It’s Part 8, and from the bright and breezy complacency of the mid-00s, we come to 2008: the era of Mock the Week and the global financial crisis.

Part 8: 2008-10 – The Bitter End

Just as I was getting used to the new Zone family (I blame the mildly disturbing Zone Christmas card from 2006 for that particular characterisation of the team) there was more change afoot. Jamie Sefton’s tenure as editor came to an end; Suzy Wallace pursued her love of racing sims by going to work for Blimey! Games (later Slightly Mad Studios) and serving as producer on games such as Need for Speed: Shift.

Sefton was replaced as editor by Will Porter, who opened his first issue with a heartfelt and rather touching declaration that this was a dream come true: “It’s an honour, an absolute bloody honour…That doesn’t stop me from being absolutely terrified about breaking everything…the fact that I now edit a national publication is a sure sign of some fault in the system.” I always had the sense that Porter was truly a fan who ended up in charge: someone of my generation who started reading in the mid-90s who managed to achieve exactly what the rest of us 90s fanboys wanted.

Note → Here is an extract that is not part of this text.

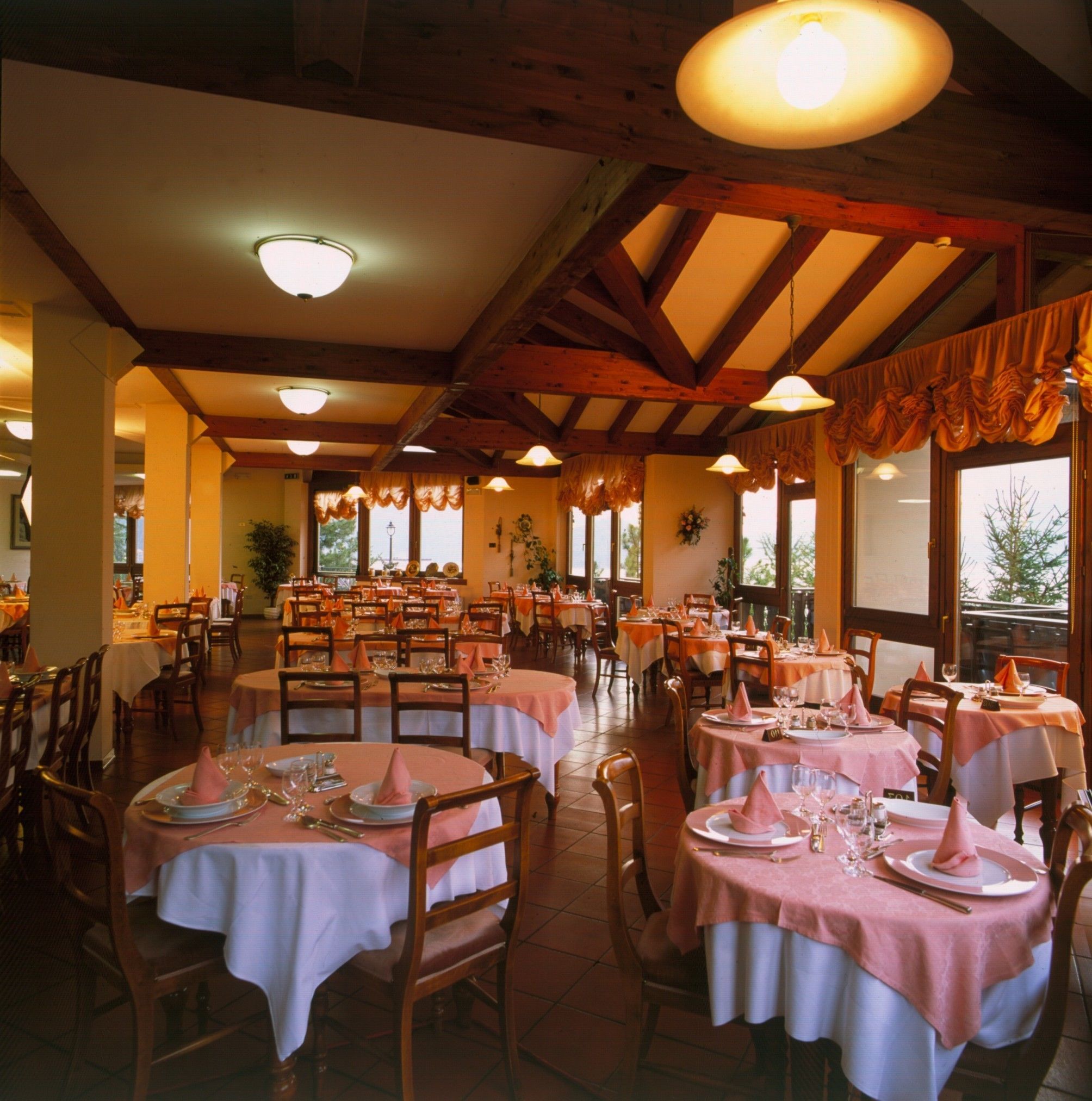 Un restaurante con varias mesas redondas cubiertas con manteles blancos y servilletas rosas, sillas de madera y un techo alto con vigas a la vista.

Unfortunately, many of those same fanboys were now of the opinion that Zone was a pale shadow of its former self and didn’t hesitate to express this opinion. I think this was all a little harsh on the writing team at the time, and especially Porter, who always gave the impression that he cared a great deal about Zone and trying to maintain its 90s legacy. This was evident in his introduction to Issue 200, for which he managed to recruit significant Zone alumni, including Charlie Brooker: “There is something special about PC Zone…there’s a thread that has run through this magazine from issue one all the way through to today, our milestone 200th issue. It’s a feeling of shared history, of hands across the ages, and the brilliant fact that someone like me, in my first weeks of editorship can receive an email from someone who worked on the magazine seven years ago, irreconcilably angry that we were running adverts for a once-bitter rival (“What are you thinking about you stupid bastards?”, being the turn of phrase used)…Some people say that PC Zone isn’t as good as it used to be, but for this issue at least they can shut up. Today we are.”

Issue 200 was arguably Zone’s last hurrah, in that the old writers did come back (Brooker was rewarded with a copy of Euro Truck Simulator to review: “Oh thanks, PC Zone. You bring me back from the dead for one last review and what do you give me to look at? A game in which you drive a lorry full of tomatoes to Lyon”, while Mr Cursor’s copy arrived “on floppy disks and in the post, with ‘Urgent’ scrawled on it in Biro”) and the magazine still seemed in reasonably healthy shape.

No thanks to me, though: I’d already let me subscription lapse at some point in 2008, buying issue 200 as a one-off on the promise of some 90s nostalgic ramblings. Again, I don’t really have a sense of making a conscious decision to not renew: it was more likely a case of basic laziness. I have a theory about magazine subscriptions causing the reader to lose interest: with a subscription, magazines drop unexpectedly through the door, to be retrieved after a day at work and put on a pile with credit card bills, only to be half-heartedly flicked through one evening before bed. One-off purchases, on the other hand, are usually made shortly before a long train journey or flight abroad, associated with the optimism of the beginning of a holiday or long weekend, and are subject to multiple levels of scrutiny: the quick scan, the second reading with particular emphasis on things of interest to you, then multiple further sweeps to mop up the bits you might have previously ignored.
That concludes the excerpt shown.